Statistics Colloquium: Yingying Fan (University of Southern California)

Date: 

Monday, November 8, 2021, 12:00pm to 1:00pm

Location: 

Zoom - please contact emilie_campanelli@fas.harvard.edu for more information

Headshot of Yingying FanTitle:

Asymptotic Properties of High-Dimensional Random Forests

Abstract:

As a flexible nonparametric learning tool, random forests has been widely applied to various real applications with appealing empirical performance, even in the presence of high-dimensional feature space. Unveiling the underlying mechanisms has led to some important recent theoretical results on the consistency of the random forests algorithm and its variants. However, to our knowledge, all existing works concerning random forests consistency under the setting of high dimensionality were done for various modified random forests models where the splitting rules are independent of the response.

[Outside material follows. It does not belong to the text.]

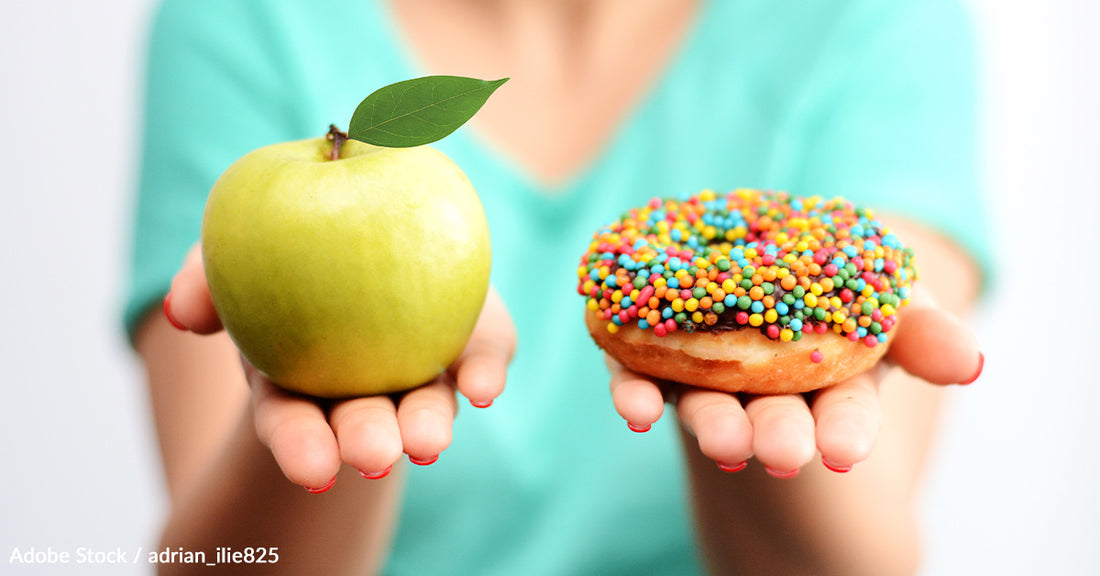 Frequent Consumption of Fried Foods Linked to Higher Risk of Anxiety and Depression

In light of this, in this paper we derive the consistency rates for the original version of the random forests algorithm in a general high-dimensional nonparametric regression setting through a bias-variance decomposition analysis. Our new theoretical results show that random forests can indeed adapt to high dimensionality. In particular, we investigate in depth the conditions under which random forests controls the bias. Furthermore, our bias analysis characterizes explicitly how the random forests bias depends on the sample size, tree height, and column subsampling parameter. Some limitations of our current results are also discussed. I will also briefly discuss the statistical inference based on random forests estimation. This talk is based on joint works with Chien-Ming Chi, Jinchi Lv and Patrick Vossler.